Each line of the material must be repeated precisely, with the pictures left out.

**Raw data**
○ ○ ○ ○ ○ ○ ○
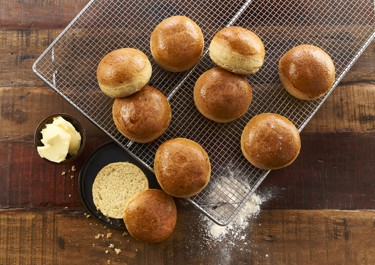 Hamburgerbröd brioche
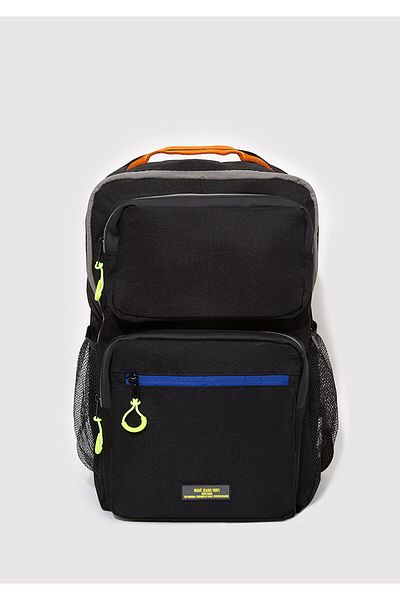 Mavi Schwarzer Rucksack mit mehreren Taschen 0911832 -900
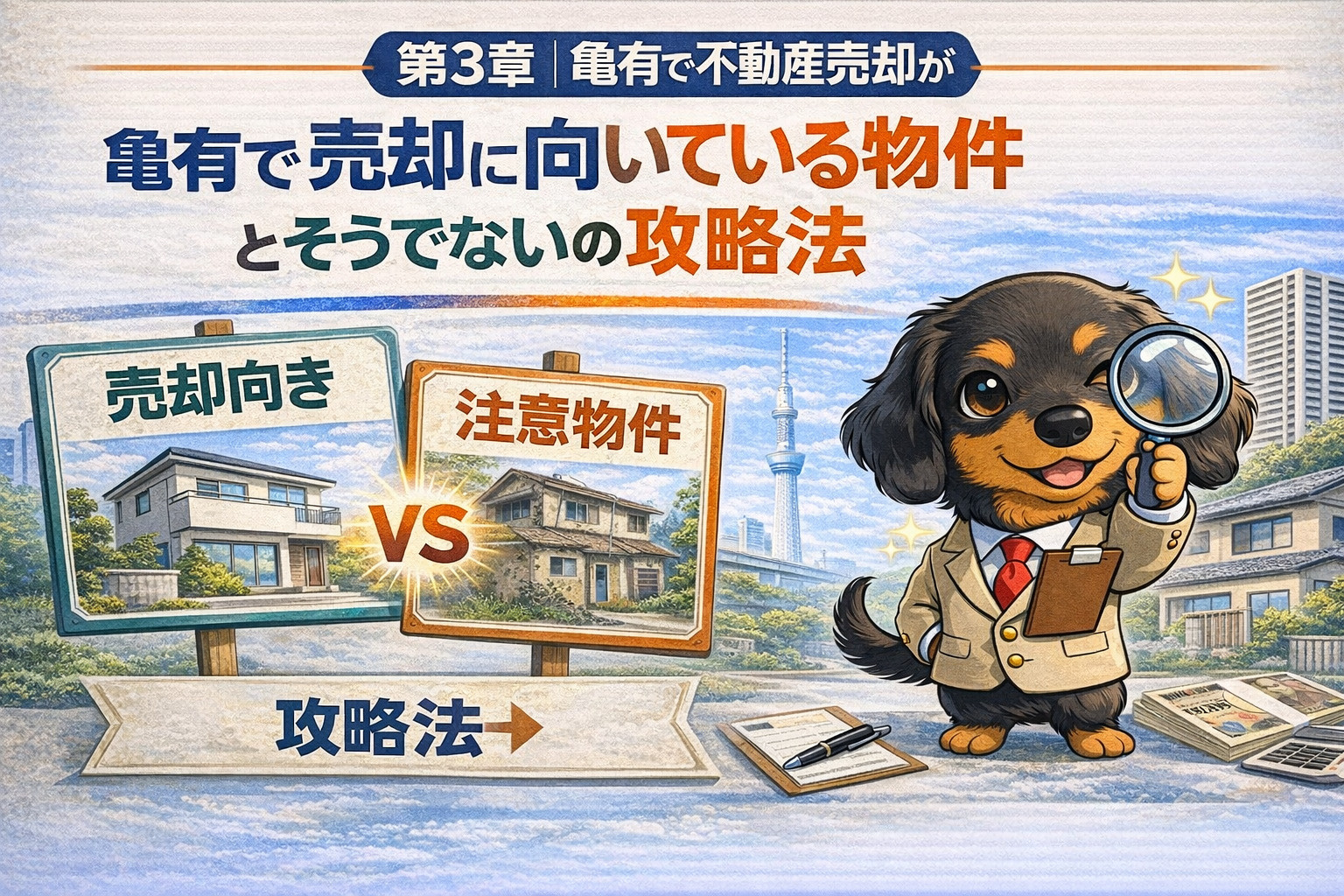 亀有で売却に向いている物件と攻略法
○ ○ ○ ○ ○ ○ ○
**Exercise result**
 Hamburgerbröd brioche
 Mavi Schwarzer Rucksack mit mehreren Taschen 0911832 -900
 亀有で売却に向いている物件と攻略法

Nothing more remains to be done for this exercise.